Oxymorons are not Antonyms

Stuart Gordon recently wrote:

“I dont think all your examples are oxymorons: Still moving is not. “Still” has two meanings but its meaning in this example is not “to be not moving”. Like wise hot chili. Chili is not the same as the homophone chilly. These are plays on homonyms.”

Thanks for your comment. In fact, all oxymorons are polysemous: one or both words have other meanings.

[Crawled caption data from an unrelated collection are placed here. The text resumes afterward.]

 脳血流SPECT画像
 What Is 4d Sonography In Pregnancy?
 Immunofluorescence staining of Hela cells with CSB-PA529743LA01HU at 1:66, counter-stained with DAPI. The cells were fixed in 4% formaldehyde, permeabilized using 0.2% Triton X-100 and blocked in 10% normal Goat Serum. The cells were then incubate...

It affects the classic oxymoron, jumbo shrimp. Jumbo here means simply “large” and shrimp means here, well, “shrimp”, too, as well as “small person”. This applies across the board to almost every oxymoron in our list:

  • civil war
  • divorce court
  • irate patient
  • long shorts
  • holy hell

Civil means simply “in one country” in the first of these, not simply “civil”. Court means here “court” and not “engage in courtship”. “Patient in irate patient is, of course, the noun patient and not the adjective. Shorts are pants, not the adjective and holy hell is an exclamation. This may be the only one that was intentional. Exclamations are, after all, meaningless. They serve to express our attitude toward something.

We wouldn’t use oxymorons if they absolutely contradicted themselves; it would lead to too much confusion. There has to be a sensible interpretation of all of them.

We post these oxymorons because they are fun. We say them without thinking and it is fun to take stock in them. They are posted under our “Laughing Stock”, after all.

One Response to “Oxymorons are not Antonyms”

  1. Brn Says:

    What about “sweet sorrow”? They absolutely contradict each other.